The same indifference and skepticism is also reflected with government, and this is likely to be an offshoot of more pressing demands for basic governance – like finding more jobs, fighting crime and rebellion, and generally ensuring the food and other basic needs of a growing population.

AI in your face

Two sectors in the country, however, bear more intense watching in the short term. Here, the effect of IR4 will be more pressing and in-your-face, and will compel urgent action and reaction by the affected stakeholders.

The BPO sector, currently employing about 1.3 million people to date, is a major driver of the Philippine economy. About half of BPO jobs are endangered by automation, where a growing number of customers surveyed had admitted to having trouble recognizing if they had communicated with an answering machine or an actual person.

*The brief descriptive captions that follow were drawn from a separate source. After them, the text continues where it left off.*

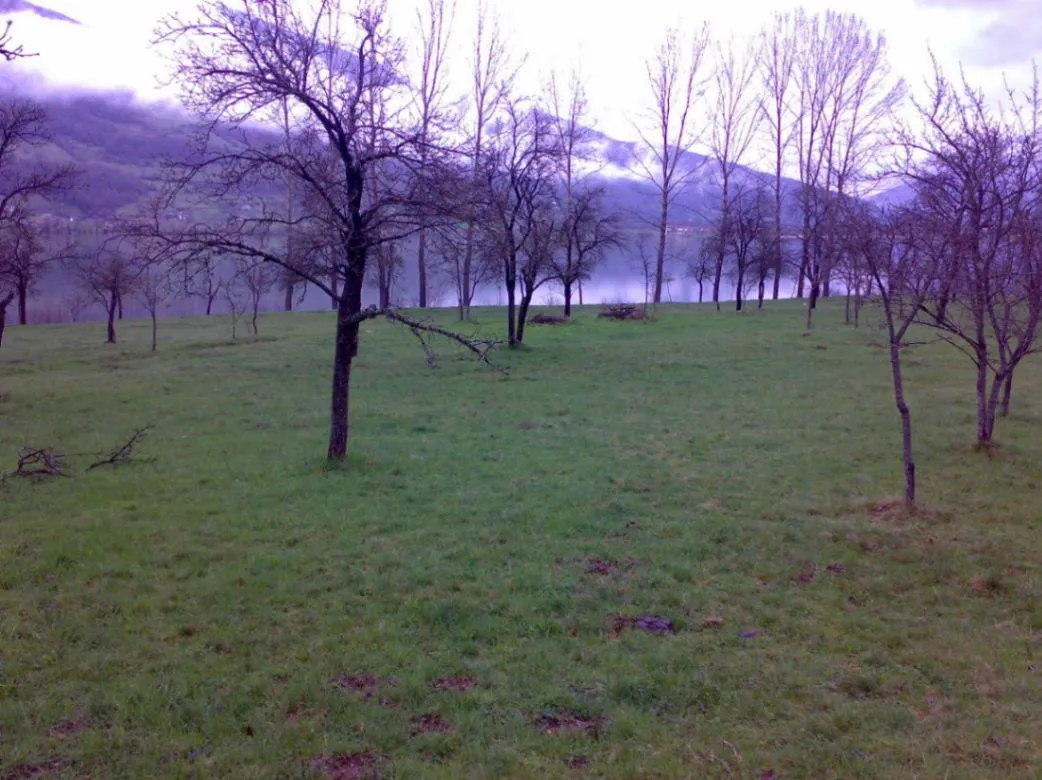 Prodaja, plac, 1750m², Vojno Selo, Plav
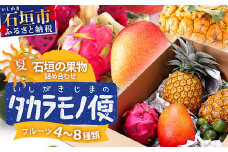 《2025年7月中旬～9月上旬順次発送予定》石垣島の夏「果物」詰め合わせ～夏のタカラモノ果物便～【 産地直送 沖縄 石垣 石垣島 くだもの トロピカルフルーツ 果物 南国 フルーツ 詰め合わせ フルーツ便 】SH-5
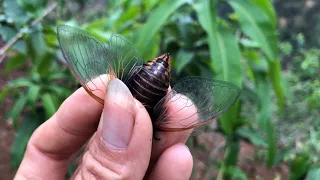 Hunting Cicadas, Beautiful Insects But Harmful To Crops.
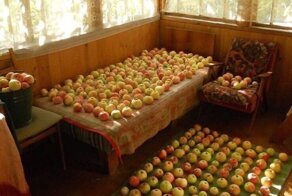 Картинки с незабываемыми запахами, насквозь пропитанные воспоминаниями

The impact of automation is already real for BPO employees, what with chat bots and AI now being increasingly used and relied on by many companies, and not necessarily to augment the services provided by person-to-person customer interfaces.

It’s a good thing that the local BPO sector, dominated by multinational companies, had been preparing for AI for some years now. However, while new jobs have been created and up-skilling initiatives have been initiated, there are already lost jobs.

In fact, recruitment for new jobs in the BPO sector has significantly been decreasing in the last few months, while entry requirements have become more demanding, requiring critical thinking skills and complex decision making from recruits.

The other area is in agriculture, which may force the use of AI earlier than many of us can imagine. Google, for example, is at the forefront of developing apps that will utilize AI to help farmers improve yields and optimize production. Think Google Map for commuters.

A new kind of agriculture is surprisingly taking shape, as the cost of custom-fit AI becomes more affordable to many farmers, likewise the use of equally less expensive tools like smartphones and drones, all of which can now be had at a lower cost and operated in more areas, thanks to improved internet connectivity in previously remote locations.

This deserves more space in future columns, a topic that should excite those that give agriculture more value nation building.